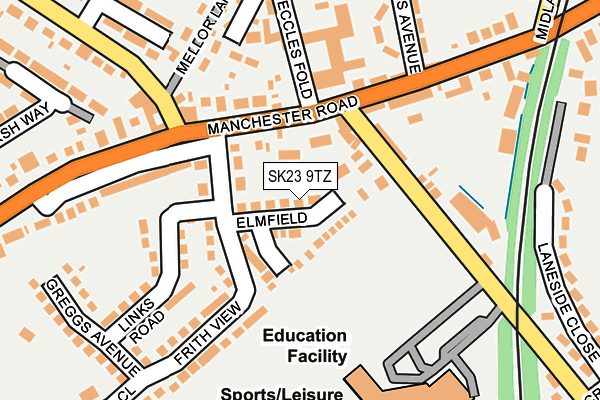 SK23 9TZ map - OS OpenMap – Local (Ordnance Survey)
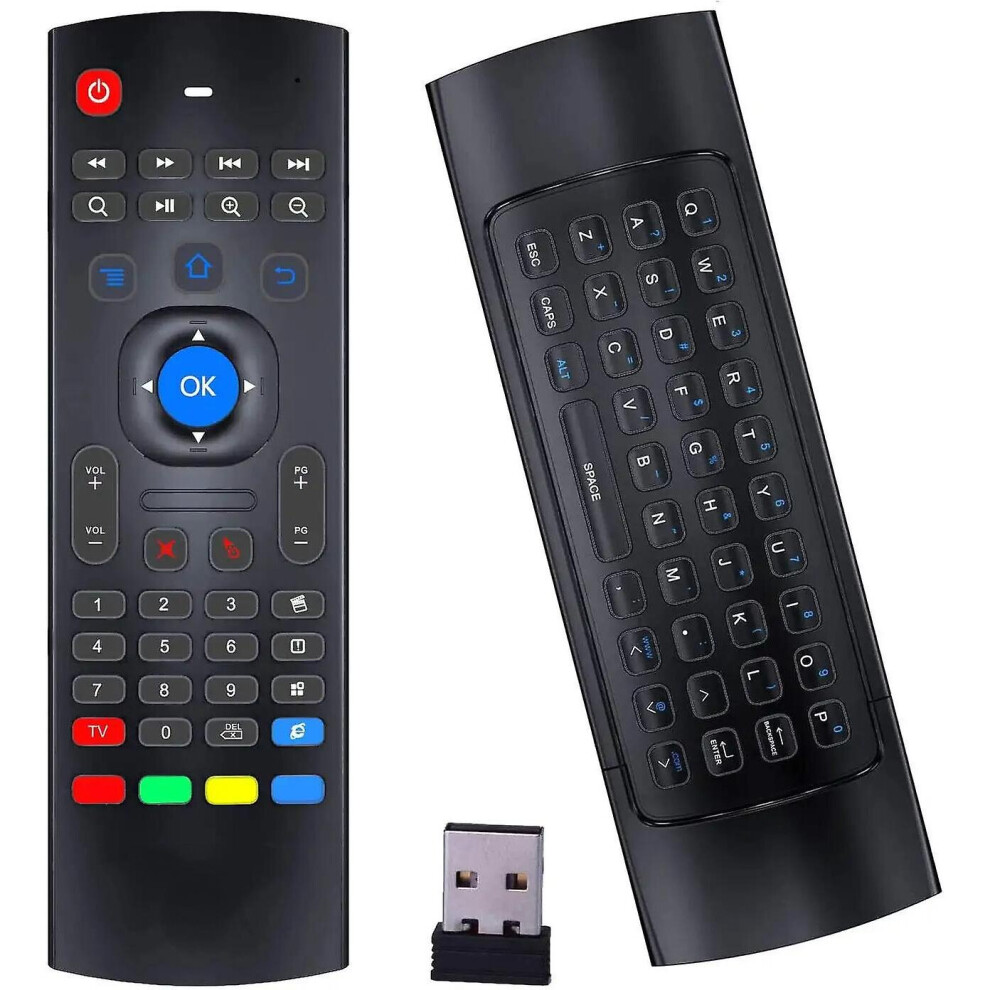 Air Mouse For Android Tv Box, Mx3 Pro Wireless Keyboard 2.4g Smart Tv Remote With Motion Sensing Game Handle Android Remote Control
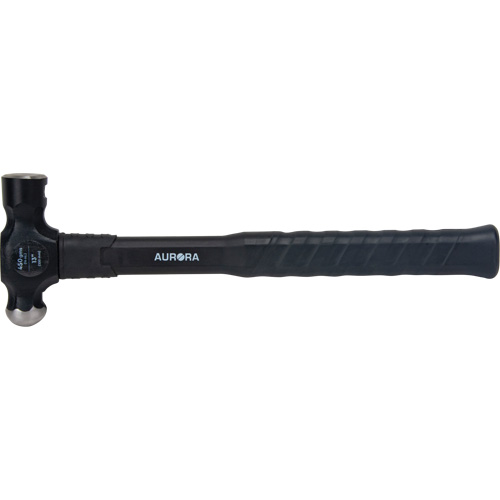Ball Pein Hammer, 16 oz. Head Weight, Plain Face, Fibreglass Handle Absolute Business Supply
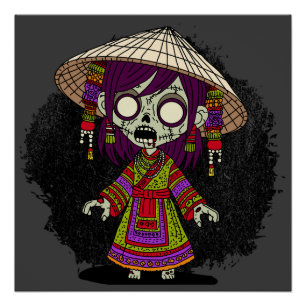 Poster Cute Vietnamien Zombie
┄┄┄┄┄┄┄┄┄┄┄┄┄┄┄┄┄┄┄┄
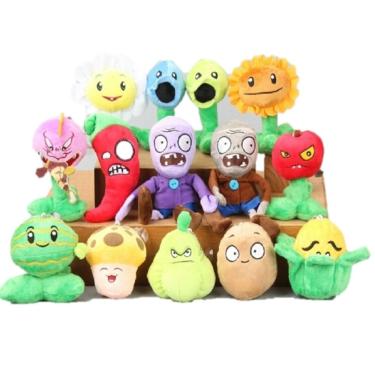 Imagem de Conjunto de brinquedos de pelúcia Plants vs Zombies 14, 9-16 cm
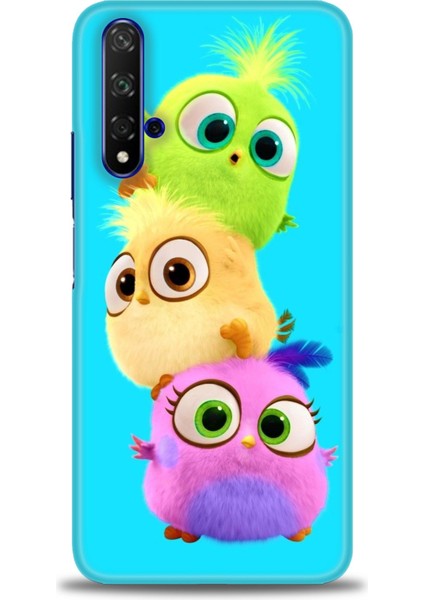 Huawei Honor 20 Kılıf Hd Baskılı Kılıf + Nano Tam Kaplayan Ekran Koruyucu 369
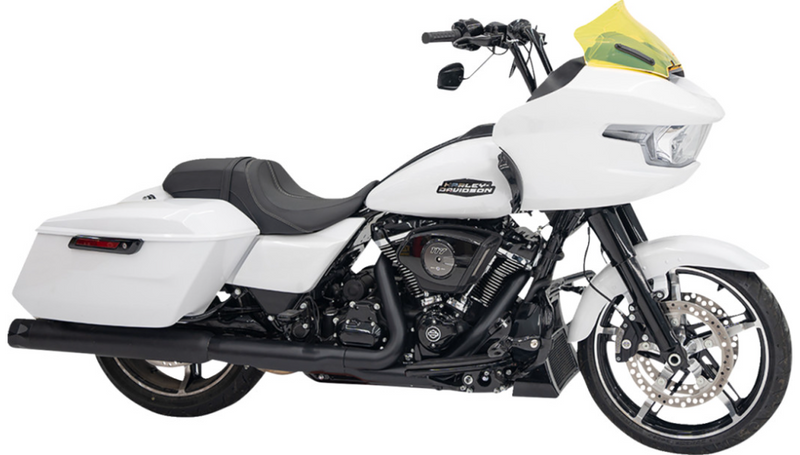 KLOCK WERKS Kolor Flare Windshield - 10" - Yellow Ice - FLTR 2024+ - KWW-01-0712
┄┄┄┄┄┄┄┄┄┄┄┄┄┄┄┄┄┄┄┄
With pictures omitted, repeat the entries above word for word from the line holding "Ball Pein Hammer, 16" down to the line holding "Poster Cute Vietnamien Zombie", keeping both of those lines.

Ball Pein Hammer, 16 oz. Head Weight, Plain Face, Fibreglass Handle Absolute Business Supply
 Poster Cute Vietnamien Zombie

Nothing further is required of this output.